If the highest bits of a byte decide what should be done the checks can be simplified.
My (Seed7) code works with the following definitions:

const integer: QOI_INDEX   is 16#3f;  # 00xxxxxx
const integer: QOI_RUN_8   is 16#5f;  # 010xxxxx
const integer: QOI_RUN_16  is 16#7f;  # 011xxxxx
const integer: QOI_DIFF_8  is 16#bf;  # 10xxxxxx
const integer: QOI_DIFF_16 is 16#df;  # 110xxxxx
const integer: QOI_DIFF_24 is 16#ef;  # 1110xxxx
const integer: QOI_COLOR   is 16#ff;  # 1111xxxx

This allows checks without masks:

            if byte1 <= QOI_INDEX then
              ...
            elsif byte1 <= QOI_RUN_8 then
              ...
            elsif byte1 <= QOI_RUN_16 then
              ...
            elsif byte1 <= QOI_DIFF_8 then
              ...
            elsif byte1 <= QOI_DIFF_16 then
              ...
            elsif byte1 <= QOI_DIFF_24 then
              ...
            else  # byte1 <= QOI_COLOR
              ...
            end if;

This trick works also in C. I have not measured how much time is saved with this in C. If the lowest bits are used to do the decisions this type of optimization is not possible.

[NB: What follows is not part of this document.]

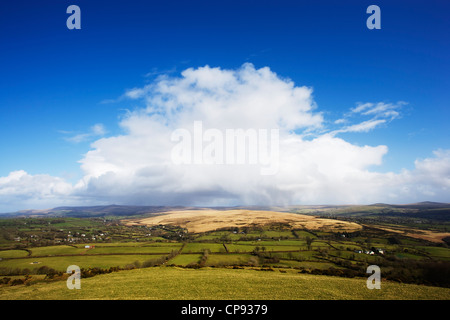Vue de Brat tor vers une tempête sur le paysage au-delà, Dartmoor, dans le Devon, England, UK Banque D'Images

The file format for QOI will not change anymore. See #37 for more info.

Ideas for a successor to QOI should be discussed here: https://github.com/nigeltao/qoi2-bikeshed/issues

Qix- commented

Please reconsider. This is a huge wart for the spec, if you ask me. There's little reason to have big-endian ints in 2021.

As far as I can tell it's only the header fields that are big endian. The rest of this diff is about the bit encoding inside the bytes which isn't really endianness related (and I think @ThomasMertes is right, it makes sense to keep it as-is).

I totally agree though it's a super weird decision to make the headers big endian and should probably be changed.